┌─ EXERCISE MATERIAL
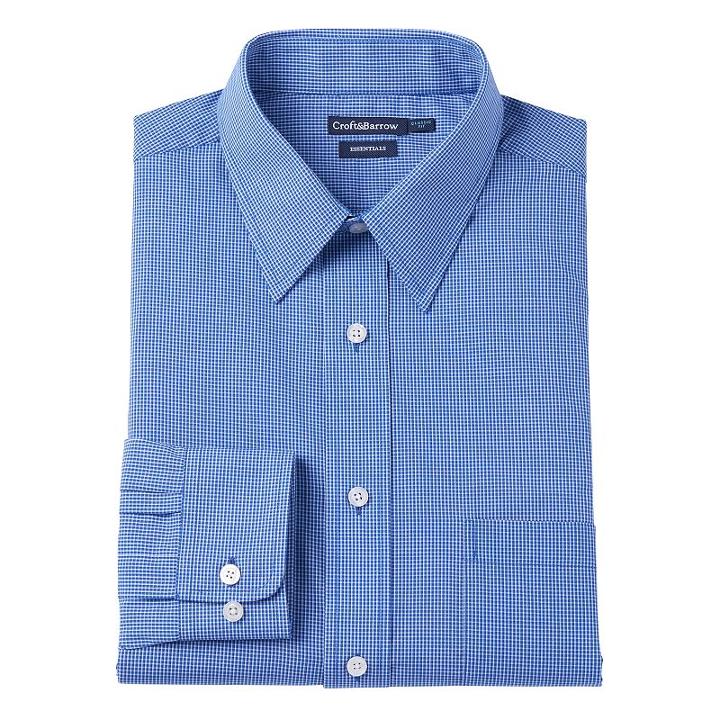 Big & Tall Croft & Barrow&reg; Solid Broadcloth Point-collar Dress Shirt, Men's, Size: 17.5 36/7t, Blue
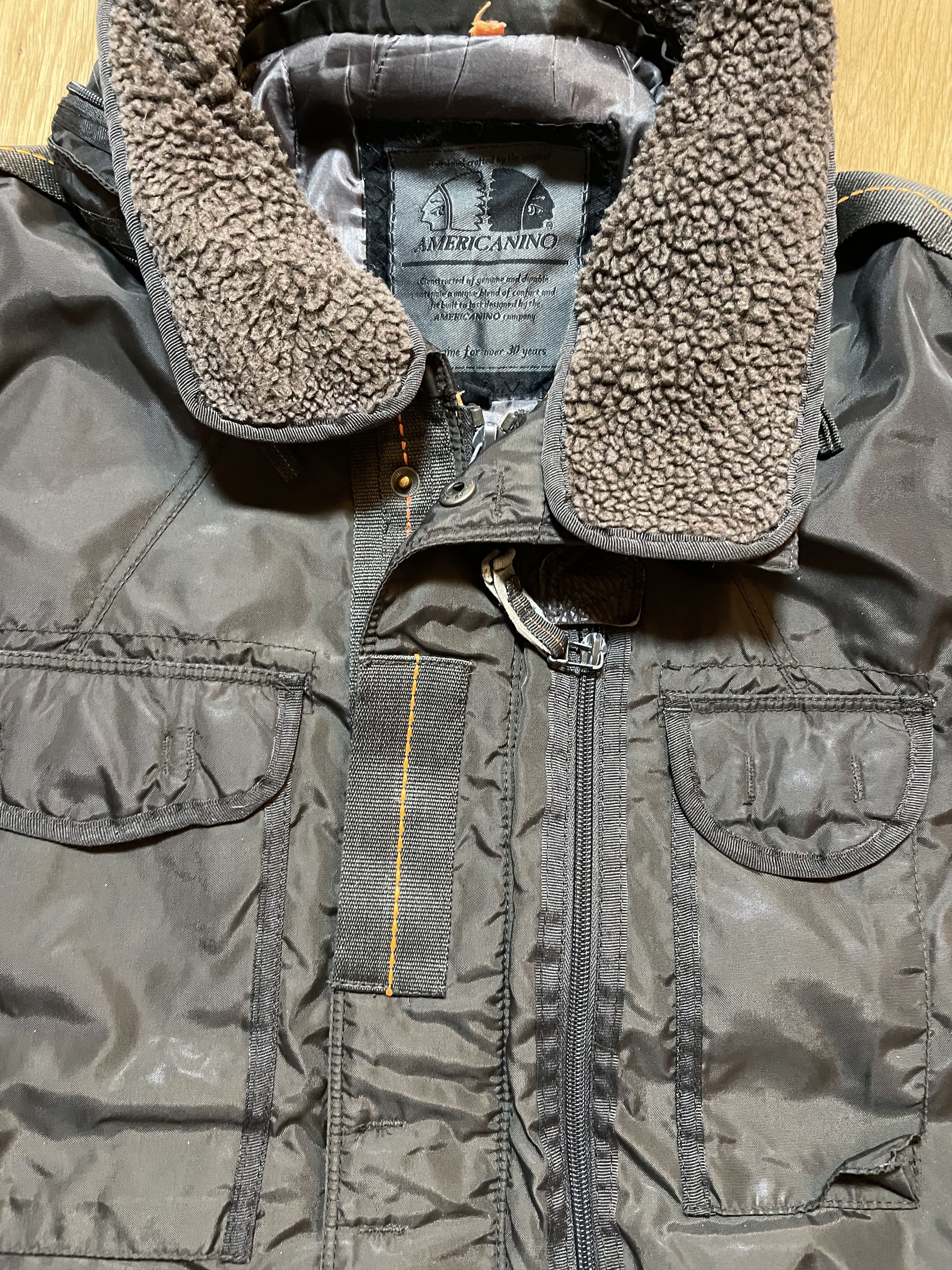 Vintage Americano Shearling Collar Utility Jacket Size US XL / EU 56 / 4 - 2 Thumbnail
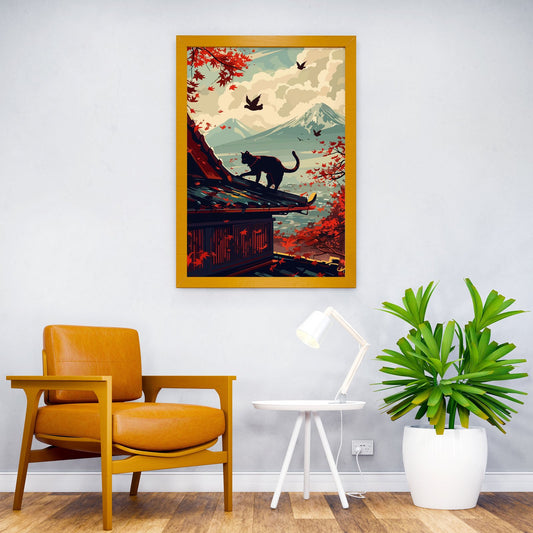 cat japan Landscape Asian Style Poster | Wall Art for Home & Office | High-Quality Print - High-quality vinyl skin 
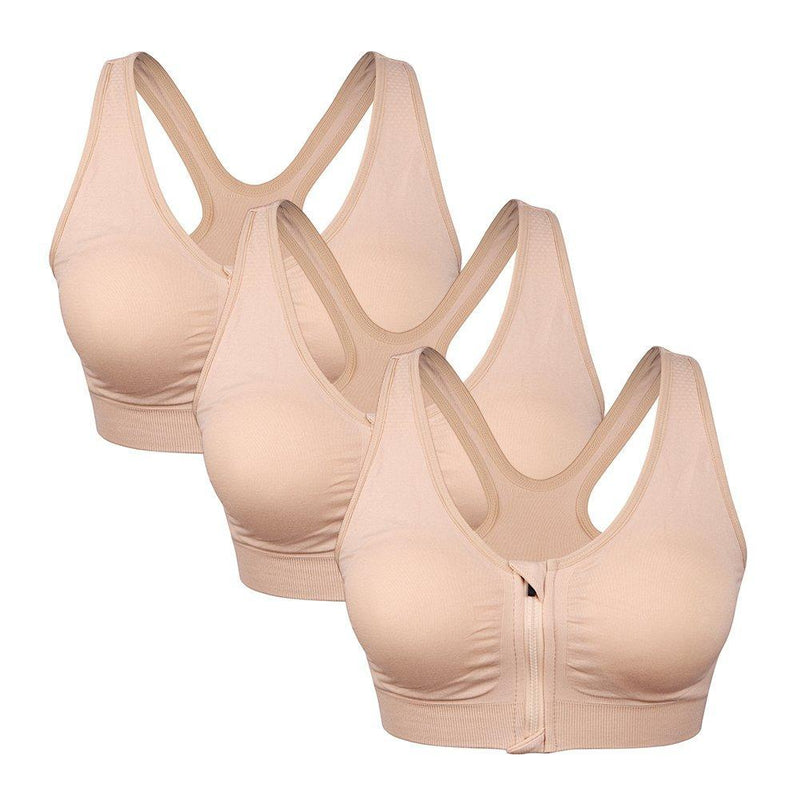 Women's Zip Front Sports Bra Wireless Post-Surgery Bra Active Yoga Sports Bras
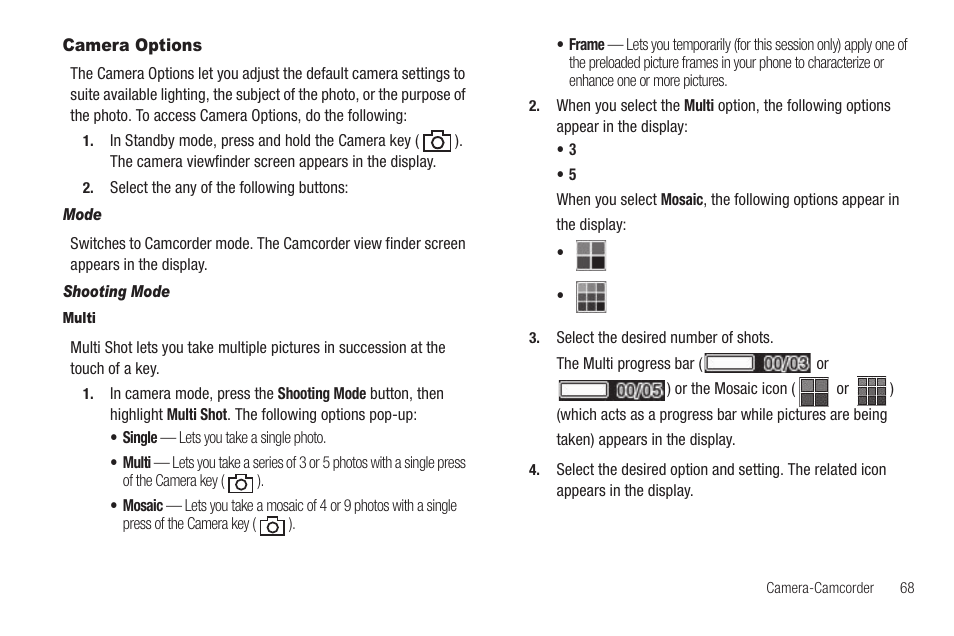 Camera options, Mode, Shooting mode | Multi | Sharp SCH-R850 User Manual | Page 71 / 162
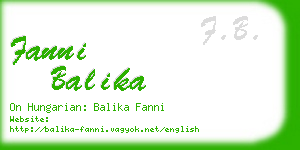 fanni balika business card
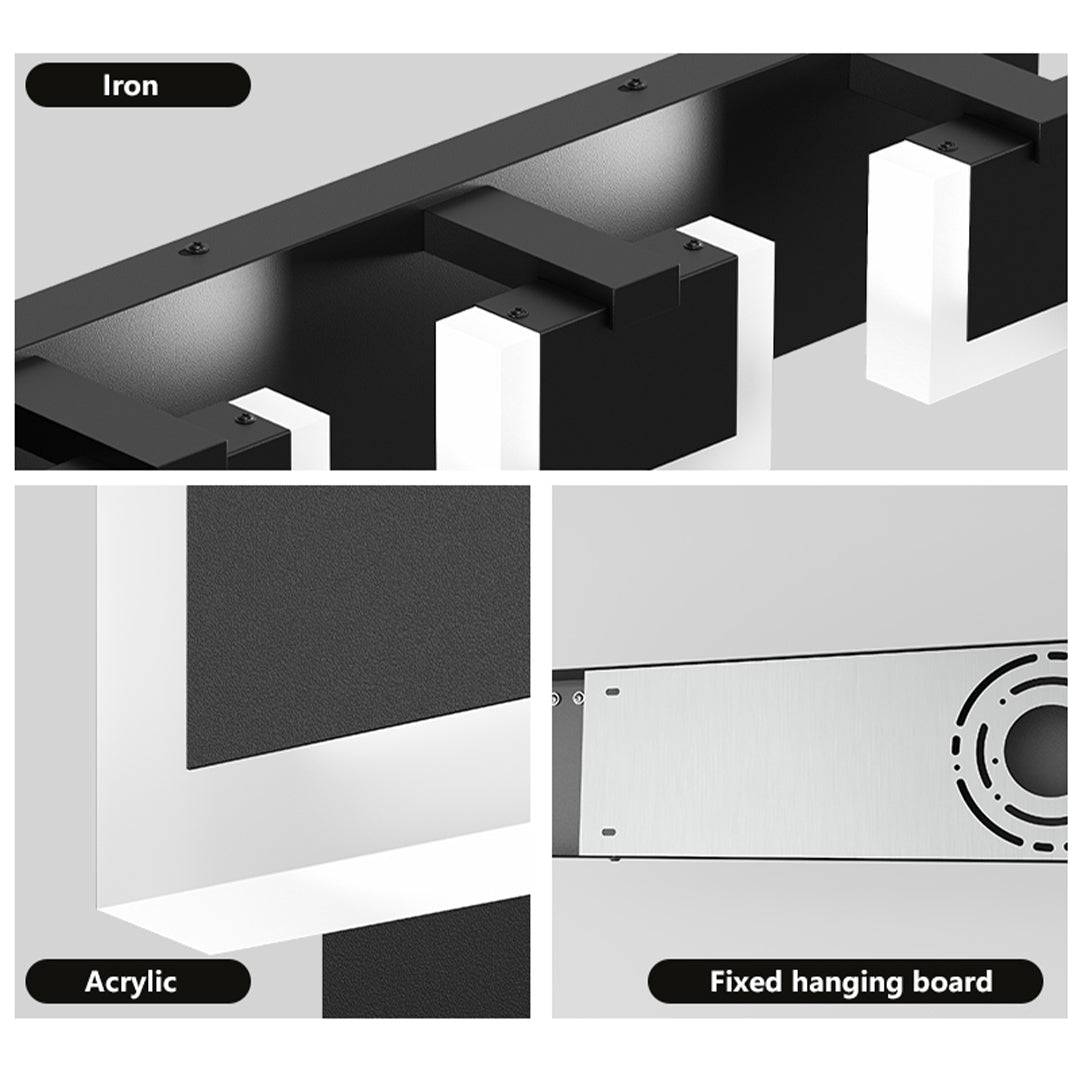 Professional installation guide for bathroom LED vanity lights with glass shade chandelier design showing mounting specifications.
└─
▶ [WHAT THE TASK ASKS] Please output the data above exactly as given, omitting every picture.

▶ [YOUR RESPONSE]
 Big & Tall Croft & Barrow&reg; Solid Broadcloth Point-collar Dress Shirt, Men's, Size: 17.5 36/7t, Blue
 Vintage Americano Shearling Collar Utility Jacket Size US XL / EU 56 / 4 - 2 Thumbnail
 cat japan Landscape Asian Style Poster | Wall Art for Home & Office | High-Quality Print - High-quality vinyl skin 
 Women's Zip Front Sports Bra Wireless Post-Surgery Bra Active Yoga Sports Bras
 Camera options, Mode, Shooting mode | Multi | Sharp SCH-R850 User Manual | Page 71 / 162
 fanni balika business card
 Professional installation guide for bathroom LED vanity lights with glass shade chandelier design showing mounting specifications.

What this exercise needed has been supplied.